Vor Schmerz rasend, zugleich blind, weil Blut aus meinem Kopf strömt und augenblicklich mein Blickfeld vernebelt, packe ich die Haare des Wesens und reiße seinen Kopf zurück. Zumindest versuche ich es, denn seine Zähne stecken fest in meinem Schädel. Und auch wenn das Gehirn selbst keinen Schmerz empfindet, sieht das bei der Kopfhaut schon anders aus. Hinzu kommen seine Krallen, die auch in meinem Körper wüten.
Mir wird klar, dass ich diesen Kampf verloren habe. Zwar weiß ich, dass das noch nichts über die Schlacht aussagt, trotzdem steigt schiere Verzweiflung in mir hoch. Verzweiflung und Wut über meine unglaubliche Naivität.

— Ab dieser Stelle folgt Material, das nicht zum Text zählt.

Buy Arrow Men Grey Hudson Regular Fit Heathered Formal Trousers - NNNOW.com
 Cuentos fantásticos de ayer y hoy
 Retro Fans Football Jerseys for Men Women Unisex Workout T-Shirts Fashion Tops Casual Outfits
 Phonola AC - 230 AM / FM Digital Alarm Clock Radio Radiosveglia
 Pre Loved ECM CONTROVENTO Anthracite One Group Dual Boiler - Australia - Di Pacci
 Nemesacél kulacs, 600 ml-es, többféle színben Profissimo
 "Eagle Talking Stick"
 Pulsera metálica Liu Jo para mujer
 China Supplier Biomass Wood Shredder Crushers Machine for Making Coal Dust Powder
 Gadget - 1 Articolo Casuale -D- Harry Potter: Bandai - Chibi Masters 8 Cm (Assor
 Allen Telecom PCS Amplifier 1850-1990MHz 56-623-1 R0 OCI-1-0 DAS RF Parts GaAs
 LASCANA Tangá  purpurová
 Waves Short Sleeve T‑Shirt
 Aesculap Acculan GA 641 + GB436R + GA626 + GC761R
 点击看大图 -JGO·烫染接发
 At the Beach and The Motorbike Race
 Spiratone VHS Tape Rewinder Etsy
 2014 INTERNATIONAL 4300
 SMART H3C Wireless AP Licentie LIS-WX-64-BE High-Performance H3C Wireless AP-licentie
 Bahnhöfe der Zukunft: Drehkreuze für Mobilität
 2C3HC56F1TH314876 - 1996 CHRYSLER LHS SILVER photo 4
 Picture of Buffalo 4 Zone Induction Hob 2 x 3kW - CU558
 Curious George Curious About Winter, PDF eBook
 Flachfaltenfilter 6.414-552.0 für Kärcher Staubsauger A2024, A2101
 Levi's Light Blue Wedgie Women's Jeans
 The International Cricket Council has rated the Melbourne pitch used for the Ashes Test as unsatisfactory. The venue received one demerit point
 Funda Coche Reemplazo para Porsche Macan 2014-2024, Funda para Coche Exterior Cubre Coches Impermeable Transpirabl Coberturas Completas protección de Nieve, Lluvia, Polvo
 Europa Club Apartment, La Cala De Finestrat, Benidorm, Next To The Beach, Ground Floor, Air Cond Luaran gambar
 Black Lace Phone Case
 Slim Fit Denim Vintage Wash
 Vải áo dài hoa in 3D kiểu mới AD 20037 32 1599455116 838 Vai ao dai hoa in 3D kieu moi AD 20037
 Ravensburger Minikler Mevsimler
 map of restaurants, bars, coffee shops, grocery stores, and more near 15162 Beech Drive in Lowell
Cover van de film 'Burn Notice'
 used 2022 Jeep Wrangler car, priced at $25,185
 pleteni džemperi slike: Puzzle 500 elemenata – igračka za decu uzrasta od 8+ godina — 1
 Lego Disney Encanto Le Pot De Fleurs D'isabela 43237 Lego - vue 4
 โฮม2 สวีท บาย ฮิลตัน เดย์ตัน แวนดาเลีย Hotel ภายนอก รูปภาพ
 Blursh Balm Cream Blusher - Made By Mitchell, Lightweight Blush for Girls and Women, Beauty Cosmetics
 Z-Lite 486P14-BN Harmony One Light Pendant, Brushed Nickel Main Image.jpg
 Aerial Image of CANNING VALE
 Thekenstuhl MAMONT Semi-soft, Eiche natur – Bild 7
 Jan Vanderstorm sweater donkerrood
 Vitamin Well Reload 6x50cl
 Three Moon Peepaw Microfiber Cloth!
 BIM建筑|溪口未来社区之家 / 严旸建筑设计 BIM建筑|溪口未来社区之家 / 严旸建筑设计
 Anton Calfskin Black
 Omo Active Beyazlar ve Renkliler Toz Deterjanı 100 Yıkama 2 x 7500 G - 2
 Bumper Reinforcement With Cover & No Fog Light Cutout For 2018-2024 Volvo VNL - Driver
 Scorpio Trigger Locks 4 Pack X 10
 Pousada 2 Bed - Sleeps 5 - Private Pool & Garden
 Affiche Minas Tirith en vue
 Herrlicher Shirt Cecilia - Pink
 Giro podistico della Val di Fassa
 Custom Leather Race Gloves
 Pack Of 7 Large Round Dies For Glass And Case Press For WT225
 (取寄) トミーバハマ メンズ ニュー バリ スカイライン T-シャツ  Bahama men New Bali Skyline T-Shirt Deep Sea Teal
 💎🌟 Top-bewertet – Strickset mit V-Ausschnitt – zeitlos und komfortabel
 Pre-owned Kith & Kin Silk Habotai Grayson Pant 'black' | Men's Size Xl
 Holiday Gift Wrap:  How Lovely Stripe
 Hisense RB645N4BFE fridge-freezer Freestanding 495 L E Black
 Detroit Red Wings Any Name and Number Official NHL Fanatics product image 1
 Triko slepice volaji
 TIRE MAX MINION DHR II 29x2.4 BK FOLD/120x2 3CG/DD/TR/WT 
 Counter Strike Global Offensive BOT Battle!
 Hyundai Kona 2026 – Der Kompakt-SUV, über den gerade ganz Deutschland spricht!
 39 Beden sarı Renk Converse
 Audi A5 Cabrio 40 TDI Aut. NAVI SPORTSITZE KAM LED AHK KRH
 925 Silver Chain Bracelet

Ich lasse den Kopf des Dämons los und schlage die Fäuste von beiden Seiten gegen seine Ohren. Das hilft etwas, sein Griff lockert sich. Nach dem zweiten Schlag lässt er mich los und springt mit einem Rückwärtssalto weg.
Allerdings, das wird mir zu spät klar, nur, um den Weg für die Axt des ersten Dämons freizumachen.